Description of the task: This calls for a word-for-word copy of all the data, with each picture removed.

START Collected material

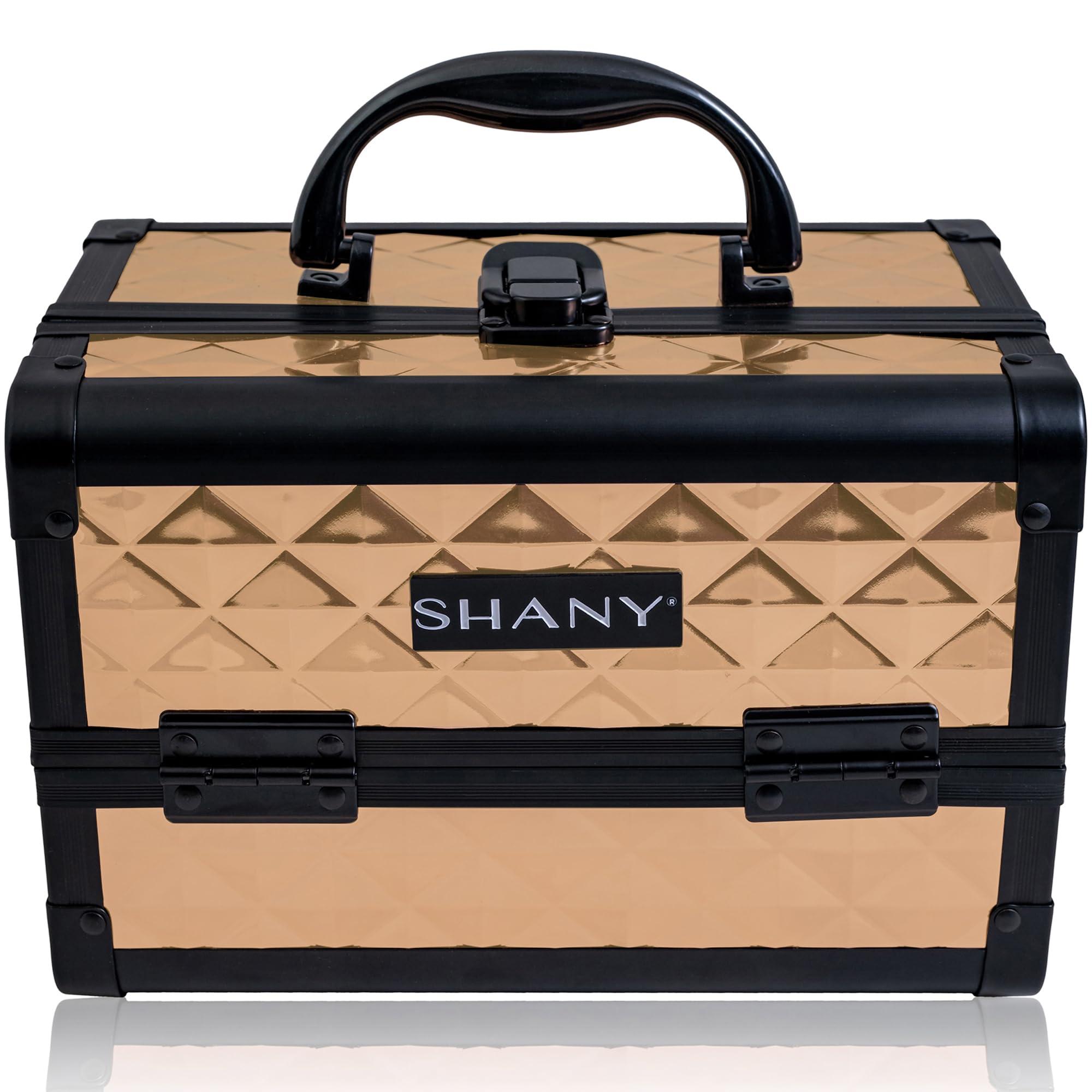 SHANY SHANY Chic Makeup Train Case Cosmetic Box Portable Makeup Case Cosmetics Beauty Organizer Jewelry storage with Locks, Multi trays Makeup Storage Box with Makeup Mirror - ROSA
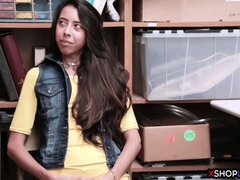 Pik sutte, Hd, Latinsk, Kontor, Lille kvinde, Mager, Teenager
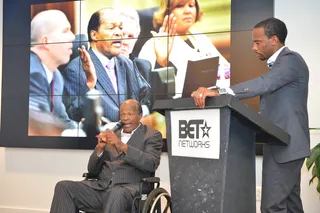 Book Talk - Barry delivered a spirited talk about his life and legacy during an event to promote his book hosted by BET Networks.   (Photo: Phelan Marc/BET)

END Collected material

Result:
 SHANY SHANY Chic Makeup Train Case Cosmetic Box Portable Makeup Case Cosmetics Beauty Organizer Jewelry storage with Locks, Multi trays Makeup Storage Box with Makeup Mirror - ROSA
 Pik sutte, Hd, Latinsk, Kontor, Lille kvinde, Mager, Teenager
 Book Talk - Barry delivered a spirited talk about his life and legacy during an event to promote his book hosted by BET Networks.   (Photo: Phelan Marc/BET)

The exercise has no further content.